Was this a Club Pass booking into a Wyndham resort from a WorldMark account or was this a Club Pass booking into a WorldMark resort from a Wyndham account?  On the Wyndham side, using a Wyndham account you can't drop a night, but I've been able to adjust a stay on the WorldMark side using a WorldMark account.


----------



## jxhoang (Aug 26, 2021)

Worldmark account booking into Wyndham resort via ClubPass.


----------



## Eric B (Aug 26, 2021)

jxhoang said:


> Worldmark account booking into Wyndham resort via ClubPass.

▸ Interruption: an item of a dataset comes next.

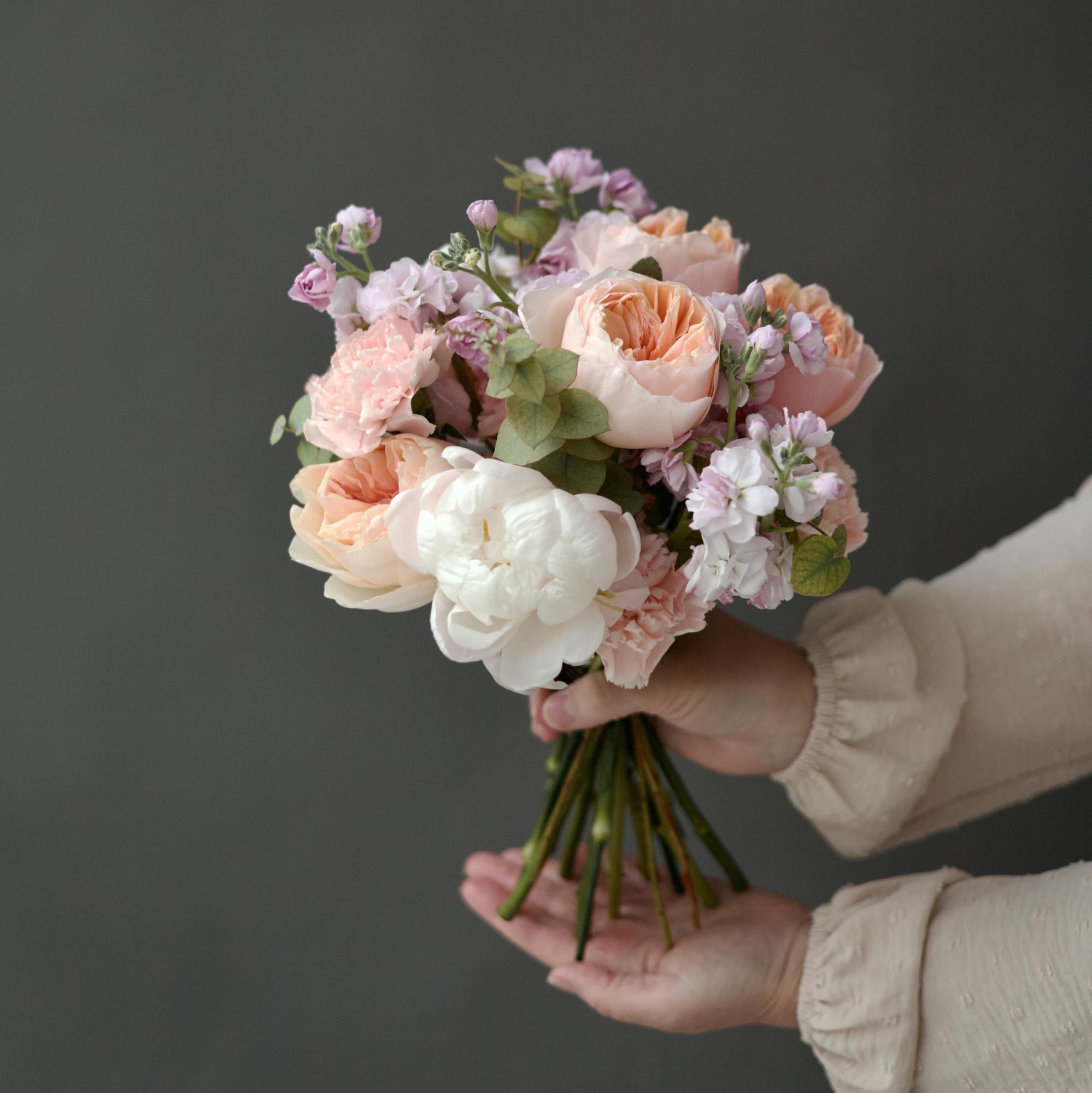 БУКЕТ НЕВЕСТЫ С ПИНОВОДНЫМИ РОЗАМИ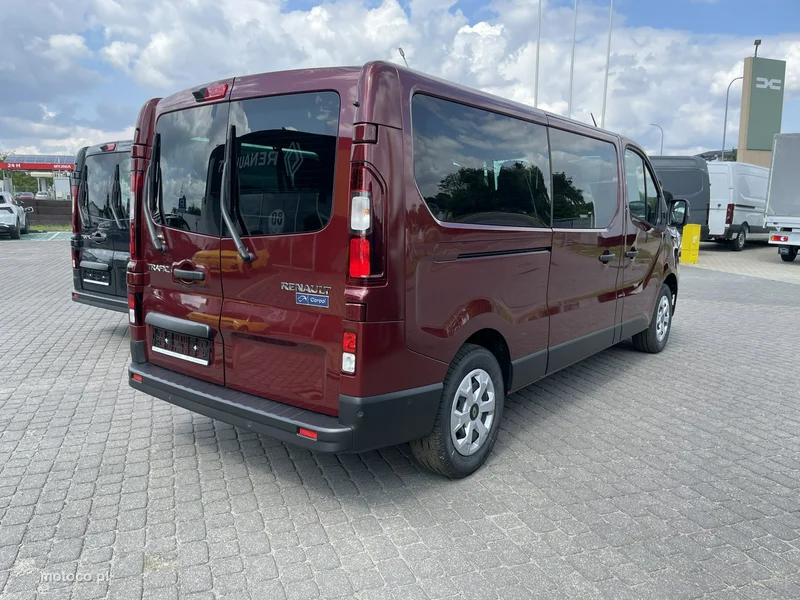Renault Trafic III 2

That makes sense, then.  It matches the policy for reservations on the Wyndham side, where you can add 1-3 days on either end if there is availability, but you can't drop days off a stay.


----------



## learnalot (Aug 26, 2021)

jxhoang said:


> I just want to share this with you since it is a lesson I paid. I made a ClubPass booking for 6 nights 6 months ago for traveling in Dec. This week, I made my flight booking, found out it would be significantly cheaper if I shorten my stay by one night. So I called WM, trying to shortening it to 5 nights. They said, I have to cancel the entire booking and hope there are dates available for the same period again. Of course, there isn't. The system would not allow them to drop night, you can add night, but not dropping. So if I want to keep my flights, I lose the last night point usage. And of course, no one else can book the empty unit because the system would show as occupied. Yes, that is how ridiculous this is.

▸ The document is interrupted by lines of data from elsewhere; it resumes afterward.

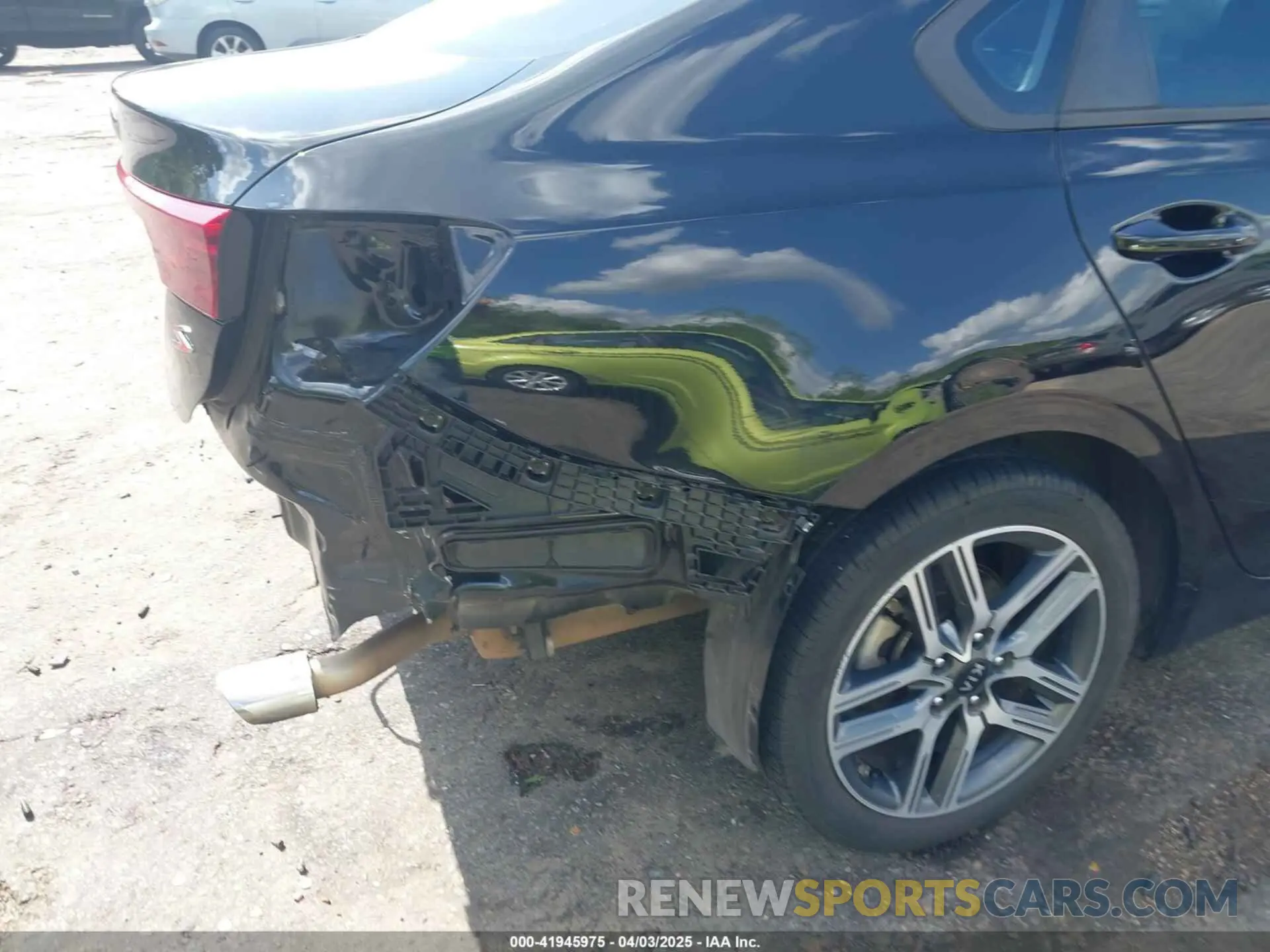 19 fotografías del automóvil dañado 3KPF34AD9KE028108 KIA FORTE 2019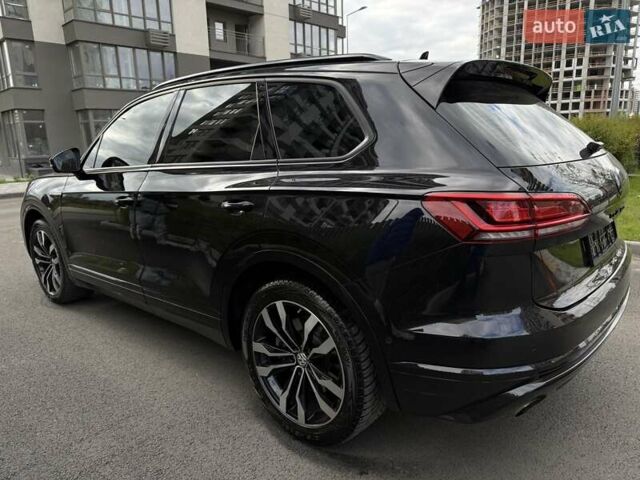 Черный Фольксваген Туарег, объемом двигателя 3 л и пробегом 101 тыс. км за 49200 $, фото 18 на Automoto.ua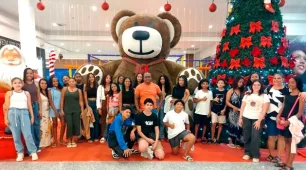 Alunos destaque da Escola Luís Eduardo Magalhães são premiados com sessão de cinema em Teixeira de Freitas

Sorry you're running into this.  When we have run into similar situations a few times, we go ahead and keep the last night, even if we think we won't be using it (especially if it's not a Friday or Saturday night).  Because flights get cancelled, rescheduled, delayed, etc., we have sometimes ended up needing the room for the night after all.   In cases where we have the additional night is an unintended fallback option like that, we don't check out when we leave.  I wait until we are on the plane and/or until our flight has landed and then I call the resort so they can check us out.  At least once, we ended up taking a bump and going back to our room.  Another time, a flight was cancelled, but we didn't have to scramble.  We just stayed put. (If they cancel and reschedule you the next day, you got an extra day without having to pay the more expensive fare).  Other times, an extra night on the end has just made for a more leisurely departure (with the bonus of a fallback if something does happen with the flight).


----------